On Oct. 20, the Financial Accounting Standards Board (FASB) issued a proposal (the Proposal) that would make targeted improvements to the Leases standard. The Proposal focuses on three issues that have been identified by the FASB through its post-implementation review of the Leases standard. The three issues are:

  • Issue 1 - Sales-type leases with variable lease payments (lessors only),
  • Issue 2 - Option to remeasure the lease liability (lessees only), and
  • Issue 3 - Modifications reducing the scope of the lease contract (both lessees and lessors).

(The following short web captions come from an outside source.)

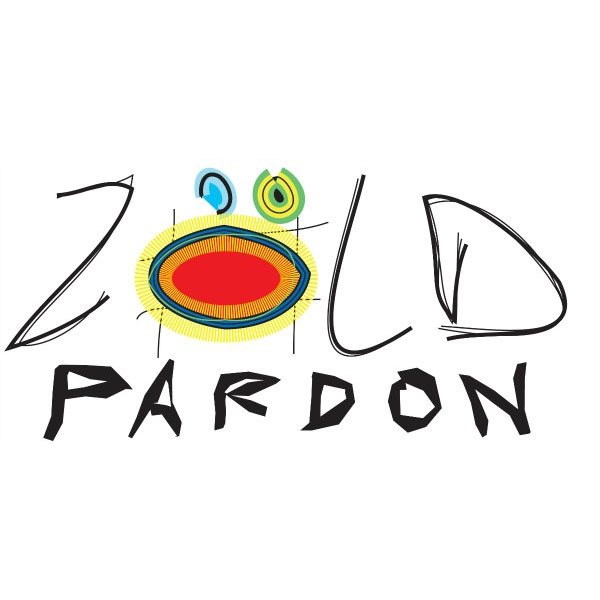 Zöld Pardon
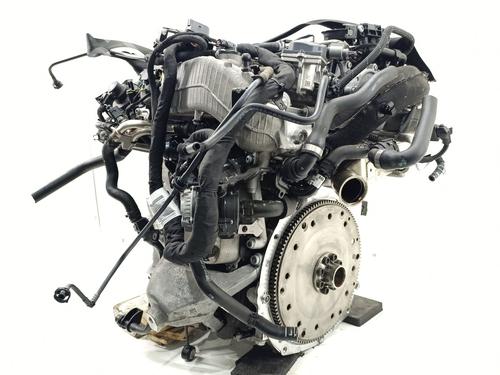 Engine AUDI Q5 Sportback (FYT) 40 TDI Mild Hybrid quattro | BP40526547M1 - Image 3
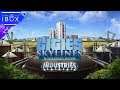 Cities: Skylines - Industries: Release Trailer | PS4 | playstation 4 e3 trailers
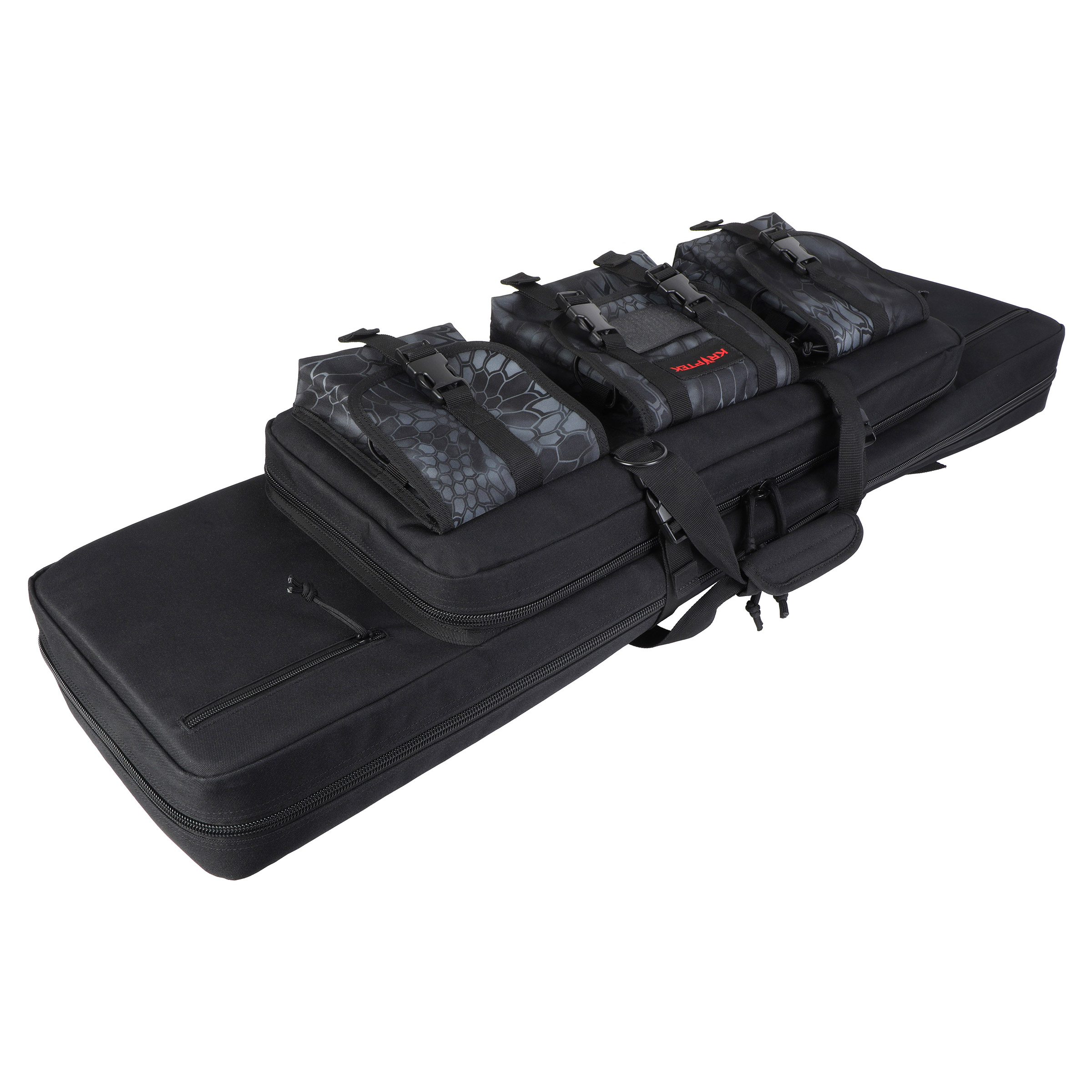 Enlarge Product Preview 2 Successfully Enriched by automation Job.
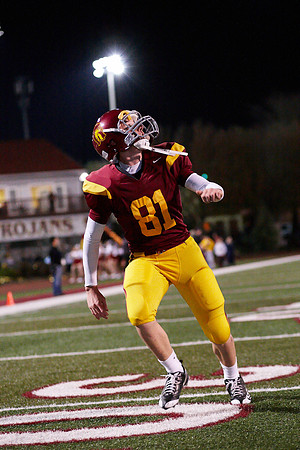 009LSG11-20-09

Of interest to Nareit members operating as equity REITs is the third issue. If a master lease agreement or a lease containing multiple elements like floors of a building is partially terminated, existing lease guidance requires the lease contract to be accounted for as a lease modification. The Proposal would simplify existing lease guidance to avoid applying lease modification guidance to the remaining portion of the lease agreement that continues to be in place.

If you are interested in participating in a task force that will evaluate the Proposal and consider whether Nareit should develop a comment letter, please complete this form by Oct. 30. Comments are due to the FASB by Dec. 4.

Sales-type leases with variable lease payments (Lessors only)

For lessors, the Proposal would amend lease classification requirements for leases in which the lease payments are predominantly variable by requiring lessors to classify and account for those leases as operating leases. The Proposal is intended to mitigate the risk that lessors recognize losses at lease commencement for sales-type leases that are expected to be profitable; thereby more faithfully representing the economics underlying the lease. 

Accounting policy option to remeasure the lease liability (Lessees only)

For lessees, the Proposal would provide an entity-wide accounting policy option to remeasure lease liabilities for changes in a reference index or rate affecting future lease payments at the date that the changes in the index or rate take effect.

Modifications that reduce the scope of the lease contract (Both lessees and lessors)

For both lessees and lessors, the Proposal would change the requirements when there is an early termination of some leases within a contract that does not economically affect the remaining leases in the contract. In these circumstances, companies would be exempt from applying lease modification accounting to the remaining leases that continue to be in effect.


Please do not hesitate to contact  Nareit’s Senior Vice President for Financial Standards Christopher T. Drula (cdrula@nareit.com), or Nareit’s Senior Vice President for Financial Standards George L. Yungmann (gyungmann@nareit.com) with any questions that you may have about this proposal to the Leases standard, or related matters.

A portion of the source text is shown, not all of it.